### ENTRIES PROVIDED

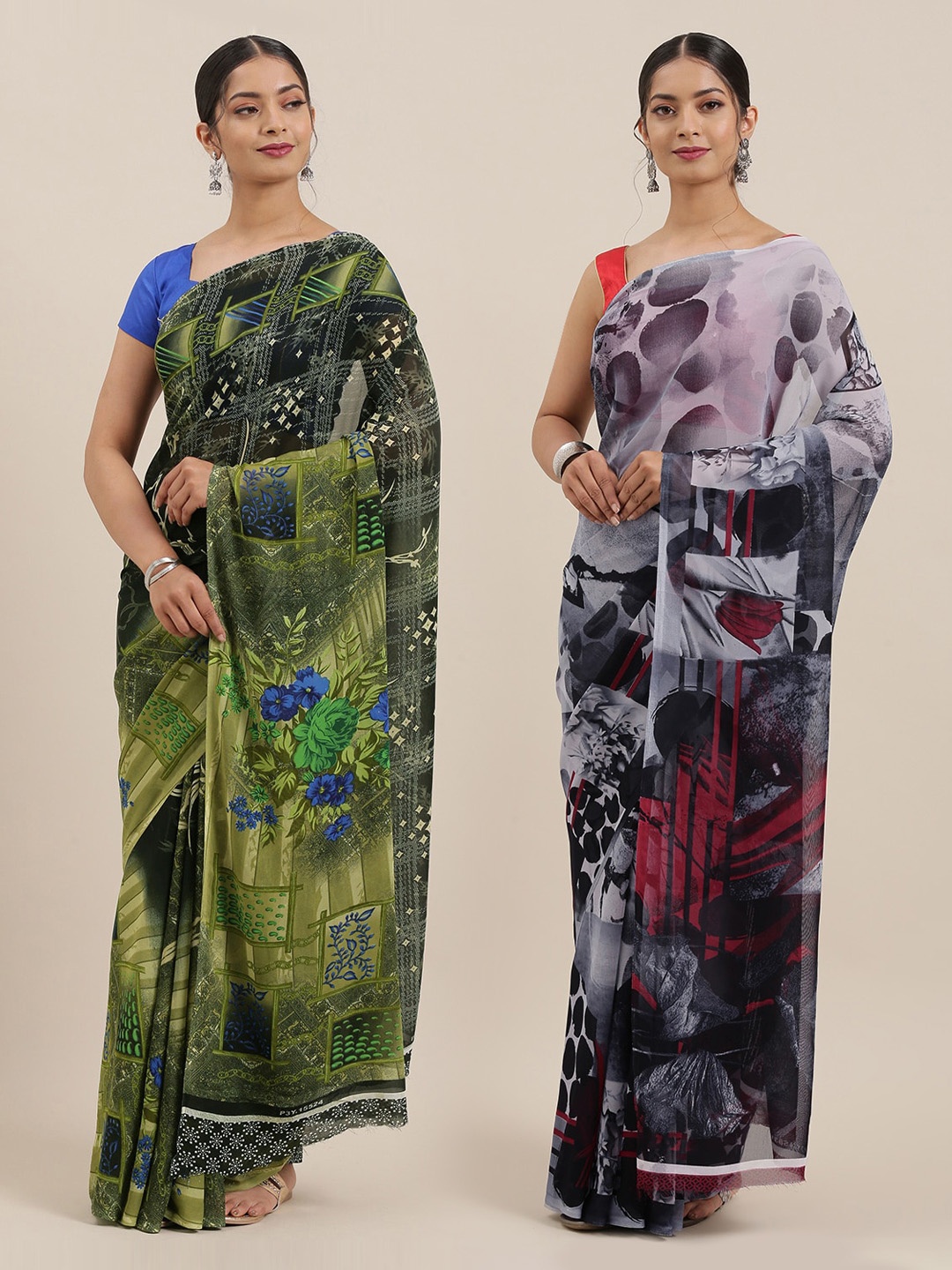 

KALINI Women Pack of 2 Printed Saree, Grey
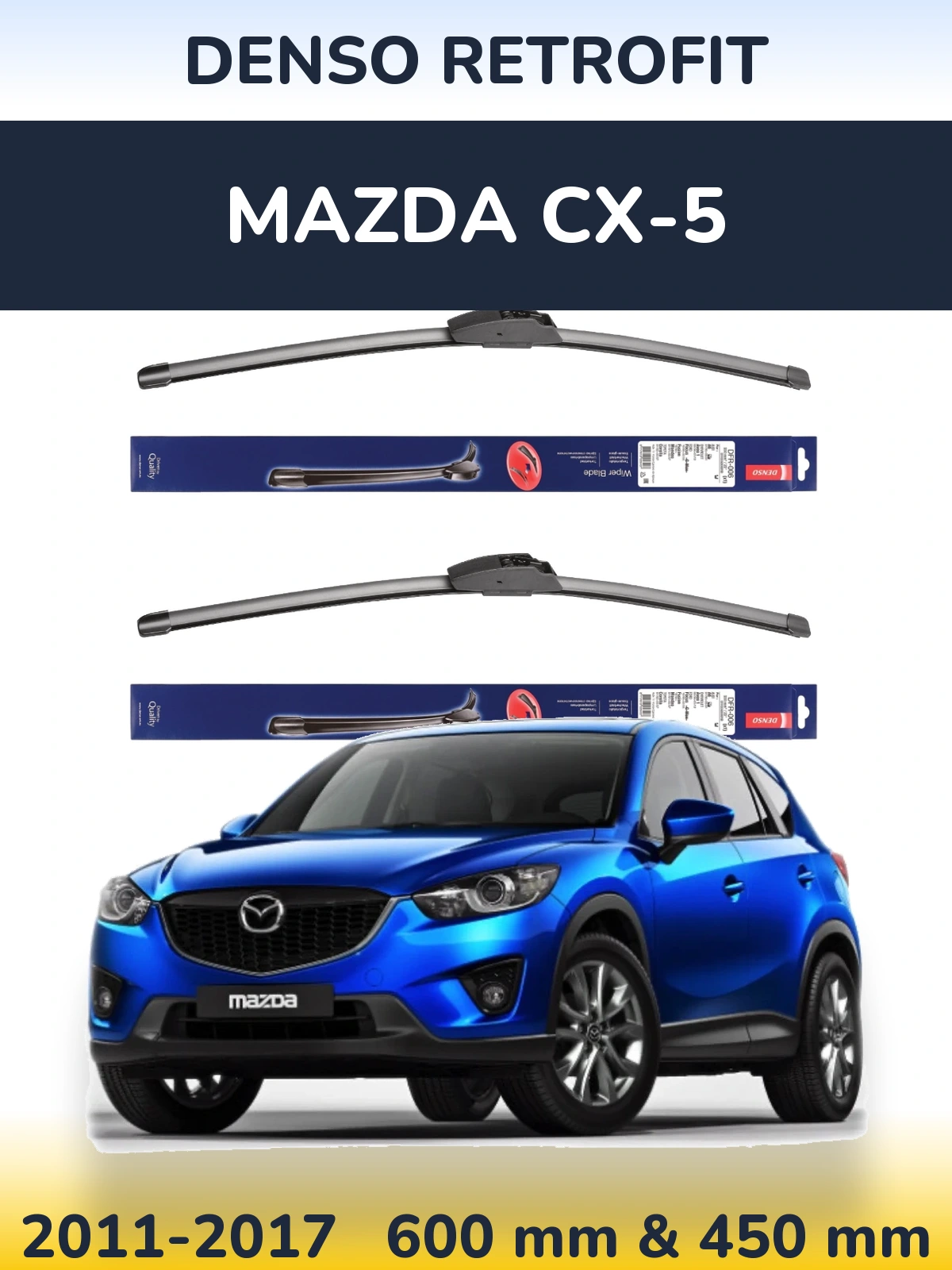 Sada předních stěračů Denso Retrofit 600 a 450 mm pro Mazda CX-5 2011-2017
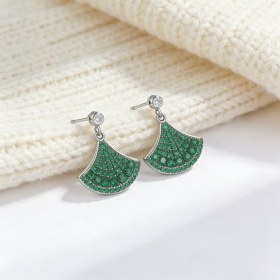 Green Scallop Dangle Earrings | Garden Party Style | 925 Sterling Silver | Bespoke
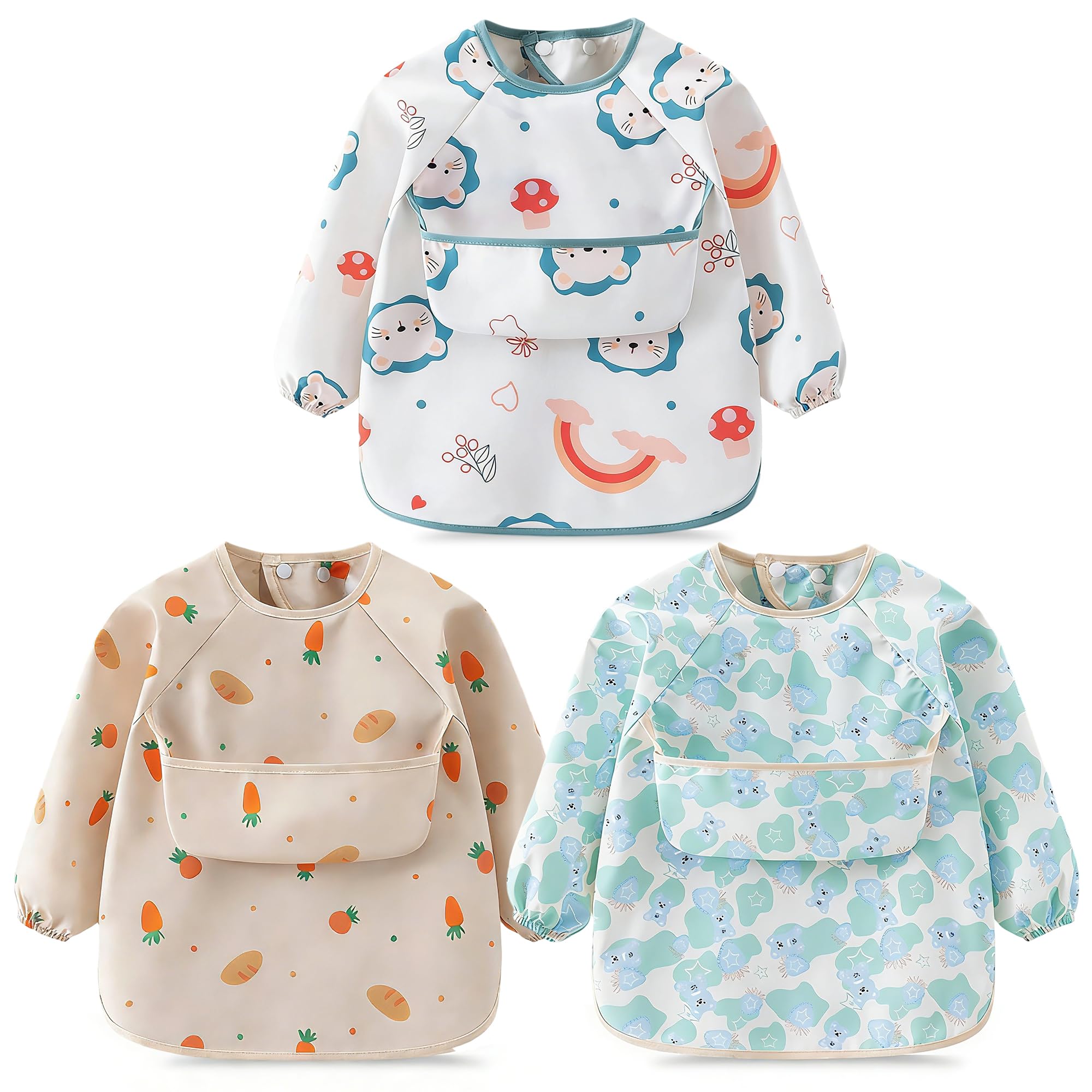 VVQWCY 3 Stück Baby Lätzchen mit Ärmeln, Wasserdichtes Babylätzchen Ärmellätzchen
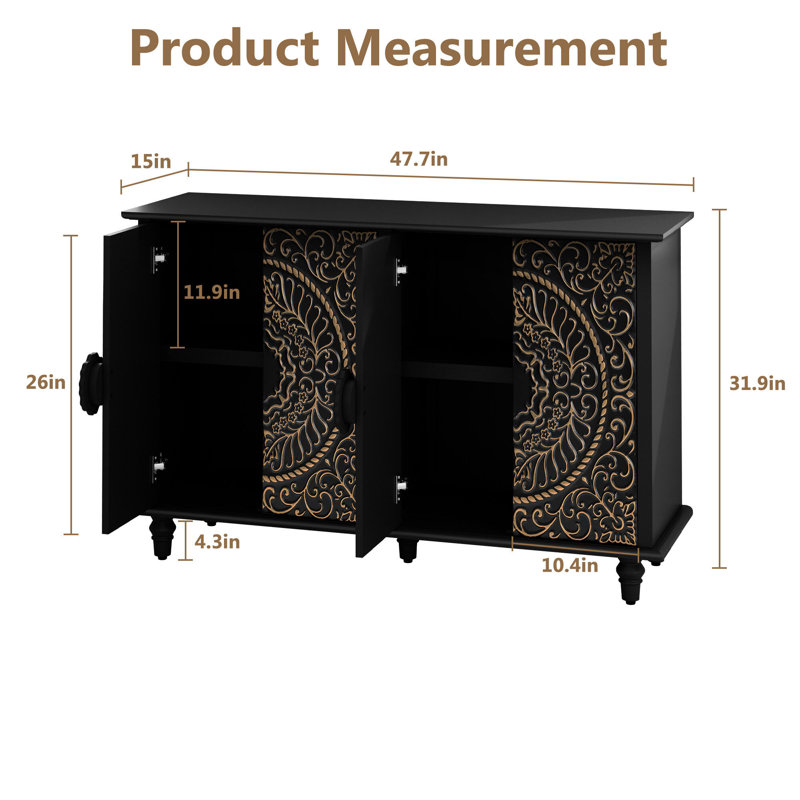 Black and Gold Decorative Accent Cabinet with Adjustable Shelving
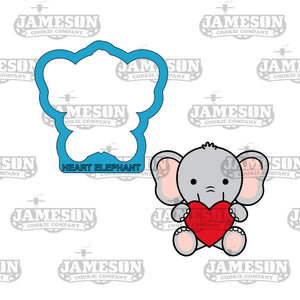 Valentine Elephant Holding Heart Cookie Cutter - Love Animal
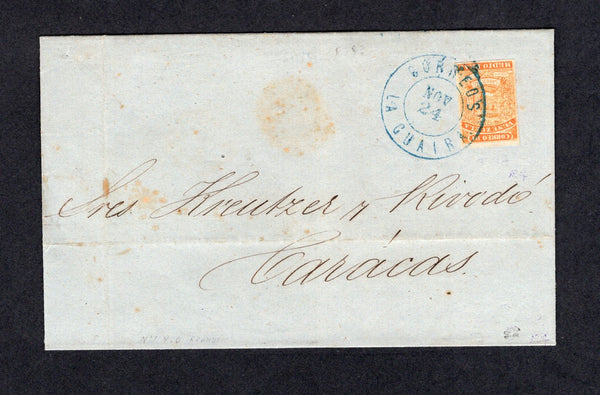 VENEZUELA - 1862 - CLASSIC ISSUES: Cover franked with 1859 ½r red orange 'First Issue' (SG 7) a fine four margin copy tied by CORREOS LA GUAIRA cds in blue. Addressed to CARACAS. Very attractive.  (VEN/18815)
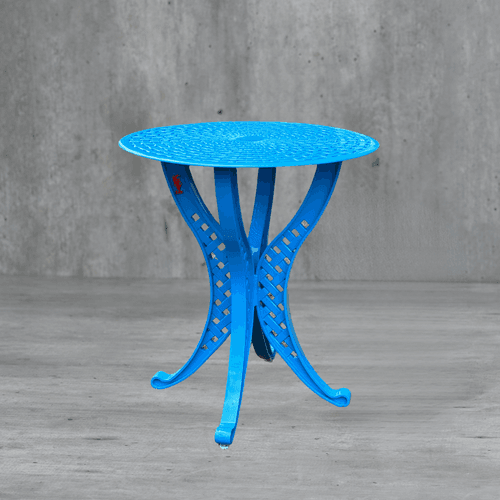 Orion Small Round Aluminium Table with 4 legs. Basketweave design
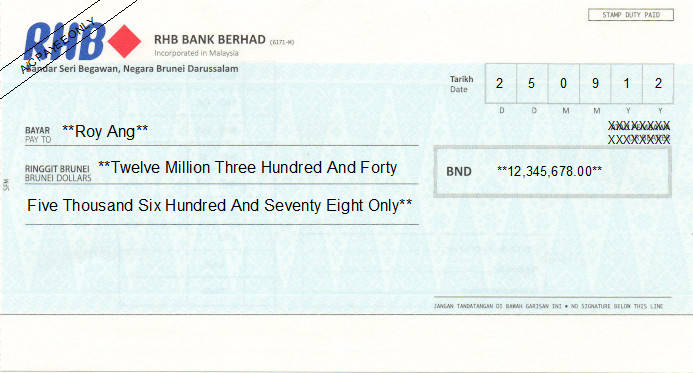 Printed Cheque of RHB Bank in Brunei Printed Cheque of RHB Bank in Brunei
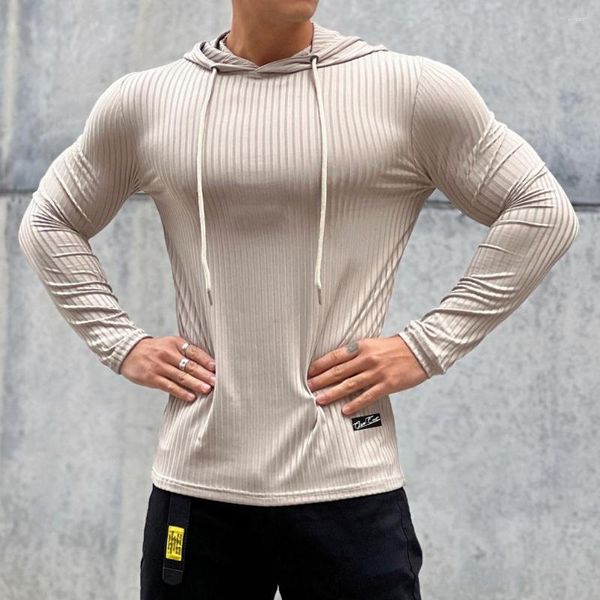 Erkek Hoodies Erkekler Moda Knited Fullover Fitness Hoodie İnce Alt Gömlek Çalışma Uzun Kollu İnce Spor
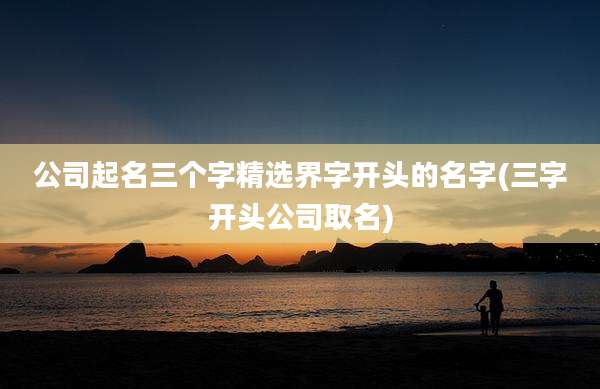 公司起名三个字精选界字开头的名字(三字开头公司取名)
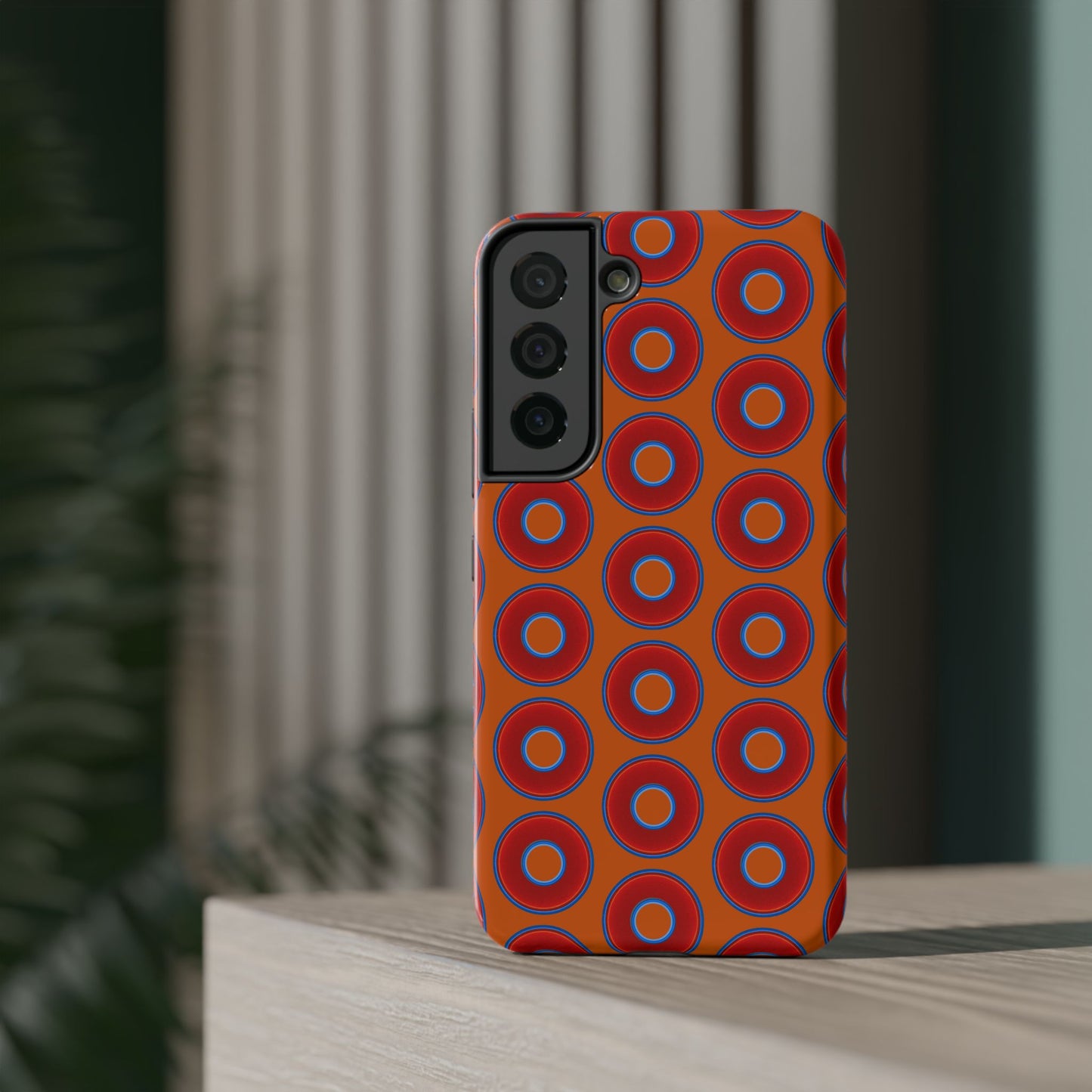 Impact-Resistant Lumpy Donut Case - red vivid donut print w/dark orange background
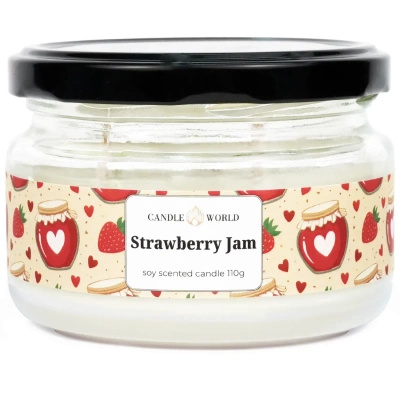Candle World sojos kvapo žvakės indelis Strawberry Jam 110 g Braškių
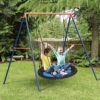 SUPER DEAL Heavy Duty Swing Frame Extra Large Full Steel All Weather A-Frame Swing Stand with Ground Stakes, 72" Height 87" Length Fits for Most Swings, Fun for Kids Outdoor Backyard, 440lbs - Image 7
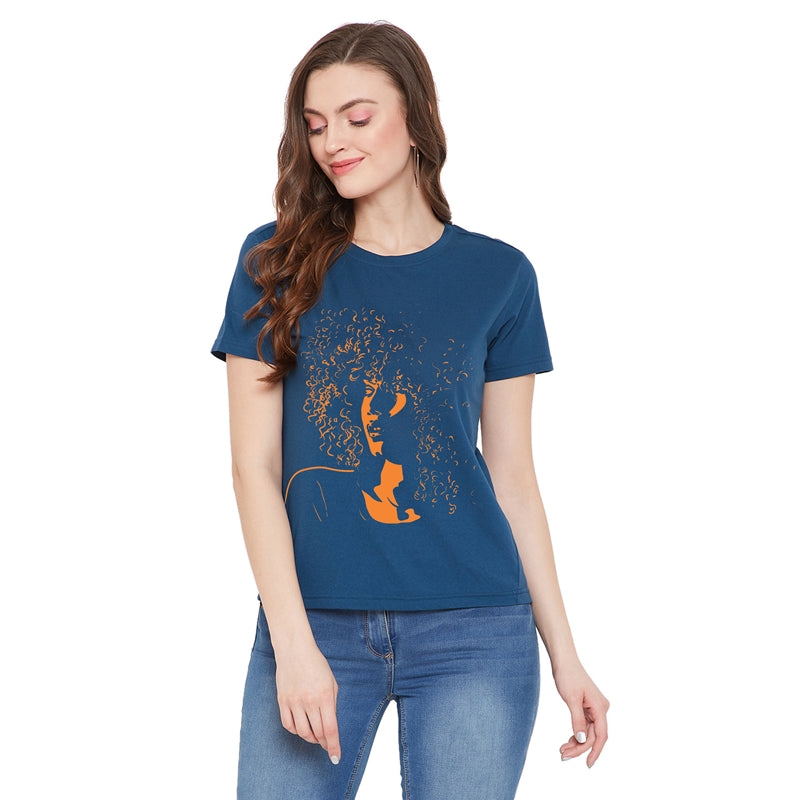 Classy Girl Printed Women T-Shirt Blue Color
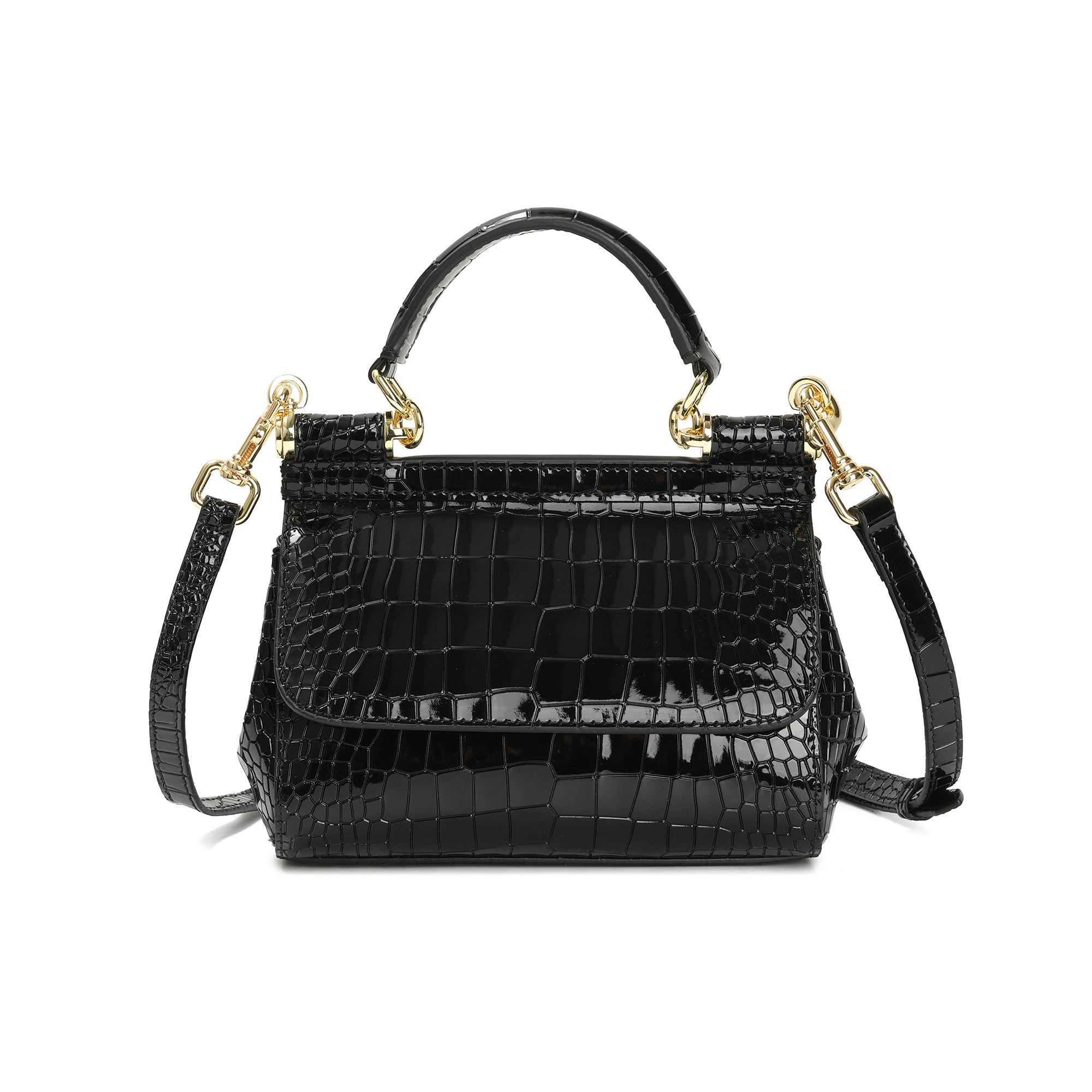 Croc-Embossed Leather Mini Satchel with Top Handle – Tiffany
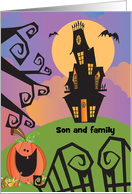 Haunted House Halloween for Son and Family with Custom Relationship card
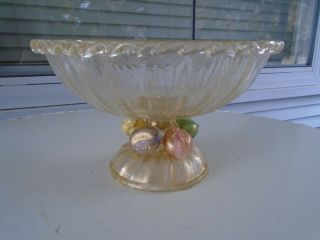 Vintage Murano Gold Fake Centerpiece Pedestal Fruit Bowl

### TASK STATEMENT
If a picture appears among the records, leave it out, and otherwise reproduce exactly every line from the first line through the one with "公司起名三个字精选界字开头的名字(三字开头公司取名)", both included.

### TASK ANSWER
KALINI Women Pack of 2 Printed Saree, Grey
 Sada předních stěračů Denso Retrofit 600 a 450 mm pro Mazda CX-5 2011-2017
 Green Scallop Dangle Earrings | Garden Party Style | 925 Sterling Silver | Bespoke
 VVQWCY 3 Stück Baby Lätzchen mit Ärmeln, Wasserdichtes Babylätzchen Ärmellätzchen
 Black and Gold Decorative Accent Cabinet with Adjustable Shelving
 Valentine Elephant Holding Heart Cookie Cutter - Love Animal
 VENEZUELA - 1862 - CLASSIC ISSUES: Cover franked with 1859 ½r red orange 'First Issue' (SG 7) a fine four margin copy tied by CORREOS LA GUAIRA cds in blue. Addressed to CARACAS. Very attractive.  (VEN/18815)
 Orion Small Round Aluminium Table with 4 legs. Basketweave design
 Printed Cheque of RHB Bank in Brunei Printed Cheque of RHB Bank in Brunei
 Erkek Hoodies Erkekler Moda Knited Fullover Fitness Hoodie İnce Alt Gömlek Çalışma Uzun Kollu İnce Spor
 公司起名三个字精选界字开头的名字(三字开头公司取名)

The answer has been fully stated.